## Activity
Please go line by line and repeat the data below exactly, with no images.

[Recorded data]

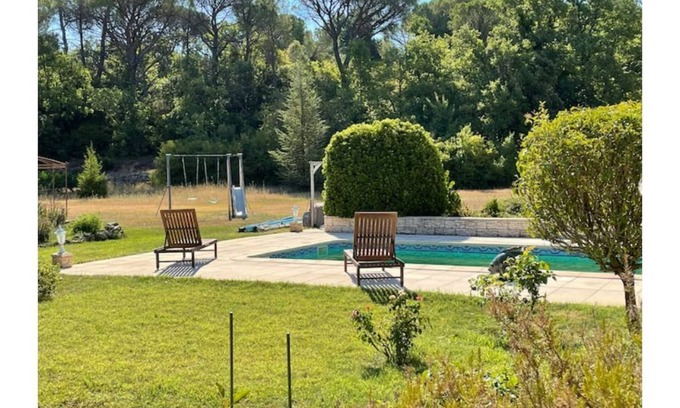 Tourves Villa | Villa with pool in the heart of green Provence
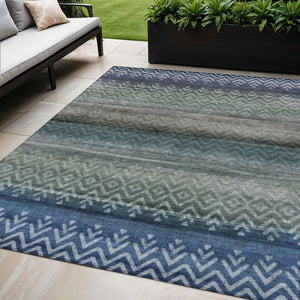 HomeRoots 5' Stylish Blue and Gray Geometric Washable Area Rug - Indoor/Outdoor, Durable, Stain-Resistant Design 630034
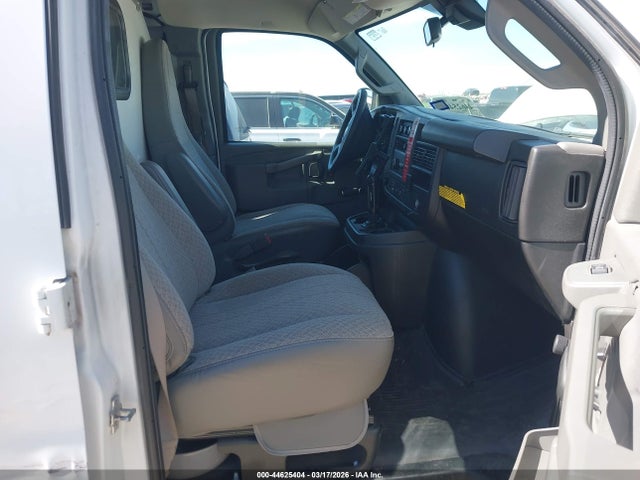 1GCWGAFP1L1158698 Chevrolet Express Cargo Rwd 2500 Regular Wheelbase Wt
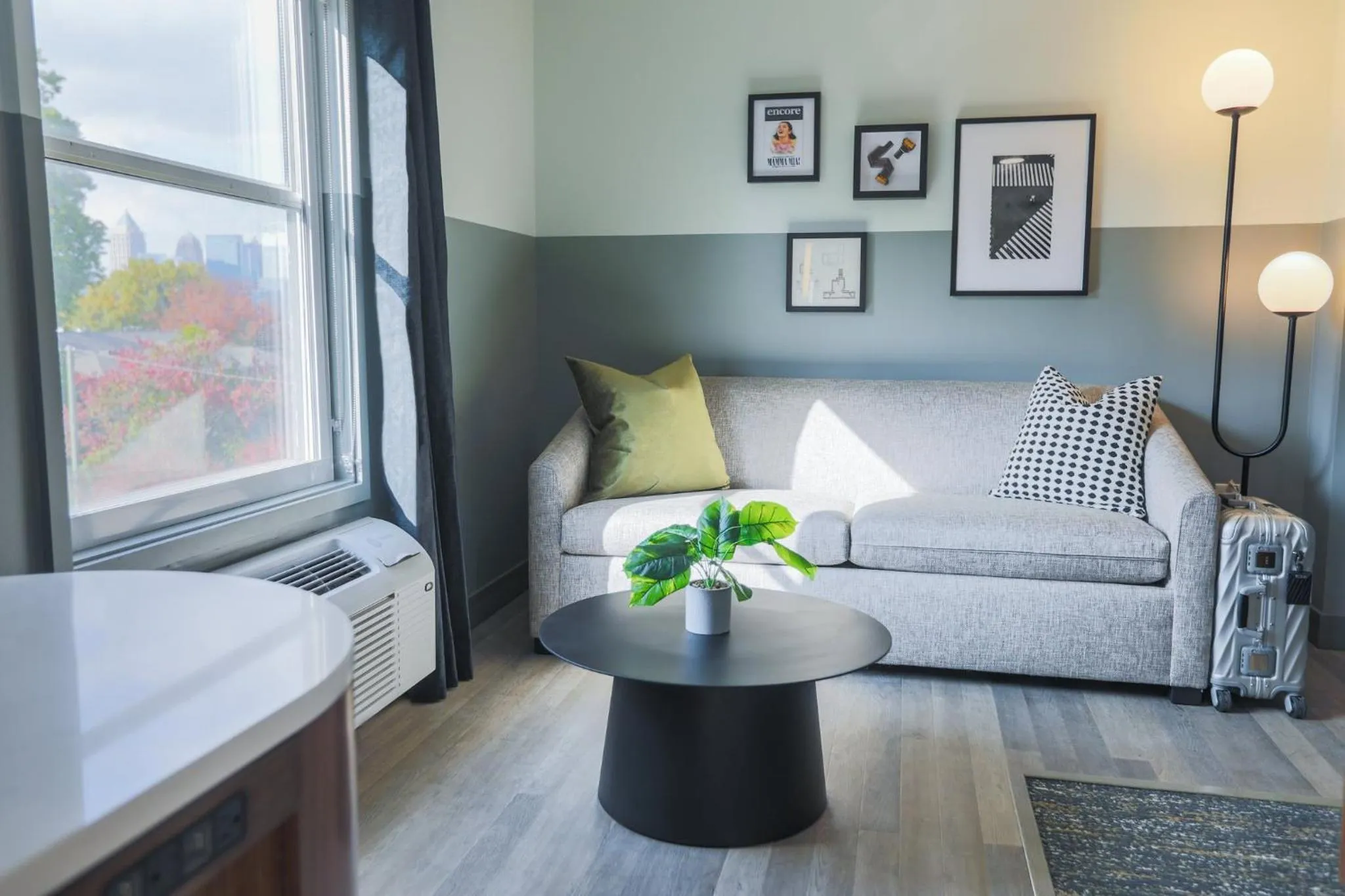 Photo of the whole room in voco The Darwin - Atlanta Midtown by IHG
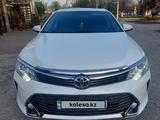 Toyota Camry 2015 года за 13 900 000 тг. в Алматы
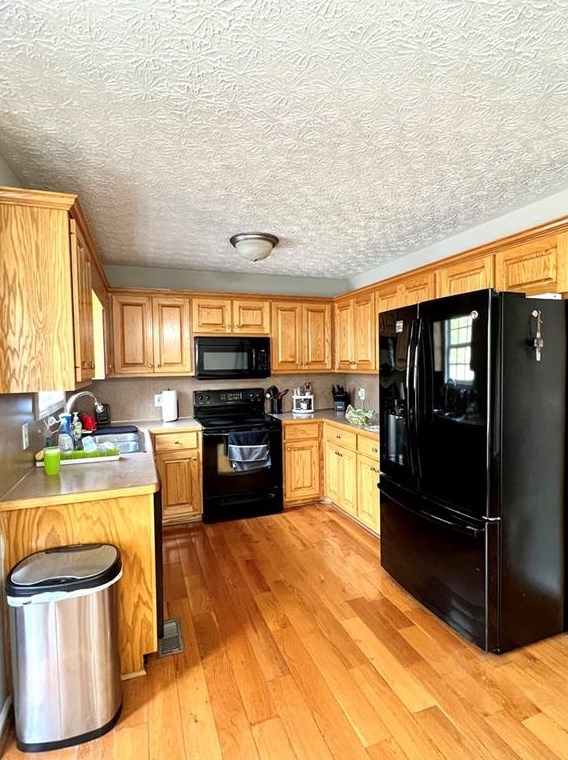 134 Levi St, Calhoun GA  30701-8017 exterior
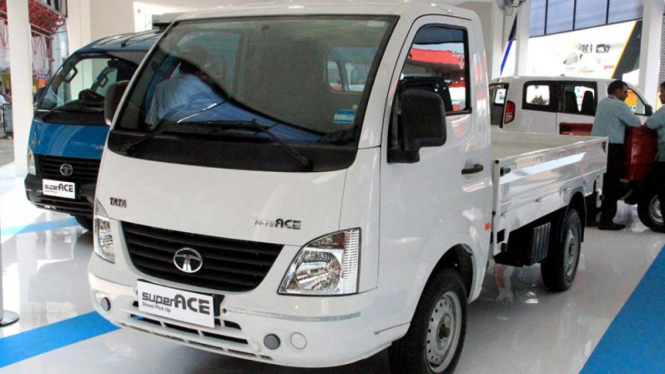Mobil Tata Super Ace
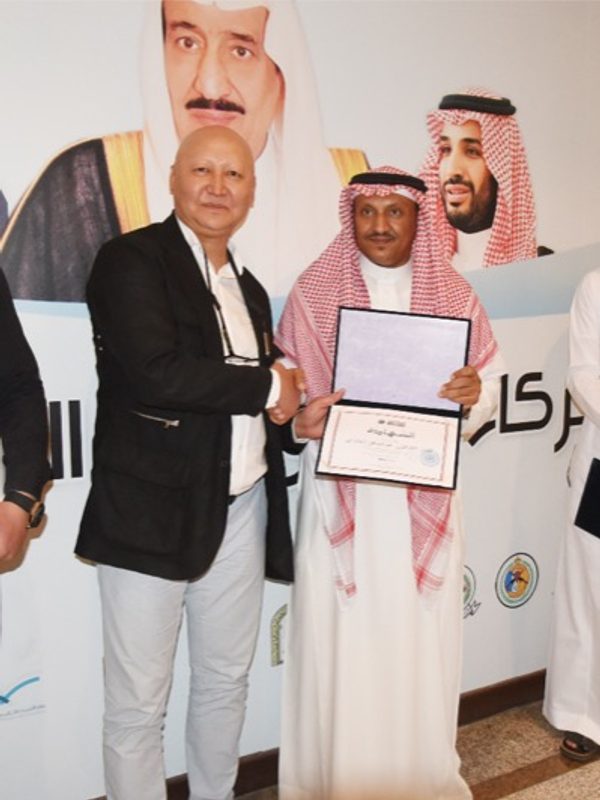 البروفيسور نزارالييف في العيادة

## Answer to this exercise
 Tourves Villa | Villa with pool in the heart of green Provence
 HomeRoots 5' Stylish Blue and Gray Geometric Washable Area Rug - Indoor/Outdoor, Durable, Stain-Resistant Design 630034
 1GCWGAFP1L1158698 Chevrolet Express Cargo Rwd 2500 Regular Wheelbase Wt
 Photo of the whole room in voco The Darwin - Atlanta Midtown by IHG
 Toyota Camry 2015 года за 13 900 000 тг. в Алматы
 134 Levi St, Calhoun GA  30701-8017 exterior
Mobil Tata Super Ace
 البروفيسور نزارالييف في العيادة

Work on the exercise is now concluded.